The view from the flight in was surreal, it was 3 in the afternoon and the sun was shining over the endless coastline. Now, I didn’t have a visa beforehand so I was a little apprehensive when I approached security. I didn’t go in completely blind, Canada is on NZ’s visa waiver list so any Canadian can visit NZ for 3 months without a visa, but I was worried that my intentions of studying would have some consequences. Lucky for me I had no problems and as soon as I got out of security I headed right for the McDonalds for a lamb burger… It was 430 by the time I arrived at Unilodge, my home for the next 4 months, and as soon as I got my blanket and pillow from the front desk I was out like a light until 8am the next morning.

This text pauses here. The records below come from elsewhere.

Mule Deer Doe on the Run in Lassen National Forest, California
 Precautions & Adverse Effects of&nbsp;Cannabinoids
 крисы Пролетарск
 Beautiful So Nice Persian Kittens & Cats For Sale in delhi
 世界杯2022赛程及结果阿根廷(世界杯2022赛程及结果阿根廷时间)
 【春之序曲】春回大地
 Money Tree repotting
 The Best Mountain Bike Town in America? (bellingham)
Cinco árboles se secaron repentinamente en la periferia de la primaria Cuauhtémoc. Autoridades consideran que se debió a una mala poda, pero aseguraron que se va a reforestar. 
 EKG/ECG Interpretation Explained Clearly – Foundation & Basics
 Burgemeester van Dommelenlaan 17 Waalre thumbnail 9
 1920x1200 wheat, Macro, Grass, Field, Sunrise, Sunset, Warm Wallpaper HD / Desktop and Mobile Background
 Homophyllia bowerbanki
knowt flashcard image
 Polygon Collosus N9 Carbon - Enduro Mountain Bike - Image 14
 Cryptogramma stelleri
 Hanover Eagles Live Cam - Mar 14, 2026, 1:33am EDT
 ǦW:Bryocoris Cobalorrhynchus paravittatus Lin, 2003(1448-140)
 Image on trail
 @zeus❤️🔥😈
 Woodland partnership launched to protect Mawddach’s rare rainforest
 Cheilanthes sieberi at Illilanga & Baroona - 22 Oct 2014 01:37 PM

I spent the next day buying groceries, getting oriented and working on my visa application, boring. But the next day, my fellow exchange students from UBC, Chester and Daisy were in and we met up to catch the early ferry to Rangitoto Island. Rangitoto is Maori for Bloody Sky after a captain who was badly wounded on the island after a lost battle. As the whole crowd disembarked, we made the decision that the hike to the top would be much more enjoyable if we took the long way round to avoid all the people. This turned out to be an excellent decision and after about 45 minutes of tourist free hiking we arrived at the entrance to the lava tubes. The first feature we encountered appeared to be nothing more than a small depression so we paid it no mind and moved further up the trail to a larger depression where we found a series of small tunnels. On first inspection, they appeared to be little more than a couple of dark holes but when I stuck my head in and turned on my cellphone light, the cave opened up and before long, you could stand. We followed the tunnel for a few meters and before long I was poking my head out of the hole we had just ignored a few minutes ago. We spent about an hour exploring the other lava tubes and by then we were ready to attempt the summit. Thirty minutes later we were looking over the edge into the volcanic crater and eating our lunch while enjoying the views of the Auckland skyline and surrounding Hauraki Gulf. The walk down was long and hot but we broke it up with a stop at Mackenzie Bay and there we enjoyed a swim in the ocean for the first time in New Zealand. We made it back in time for the ferry and 20 minutes later we were saying goodbye to each other in the city harbour and I was heading back with a case of beer to Unilodge.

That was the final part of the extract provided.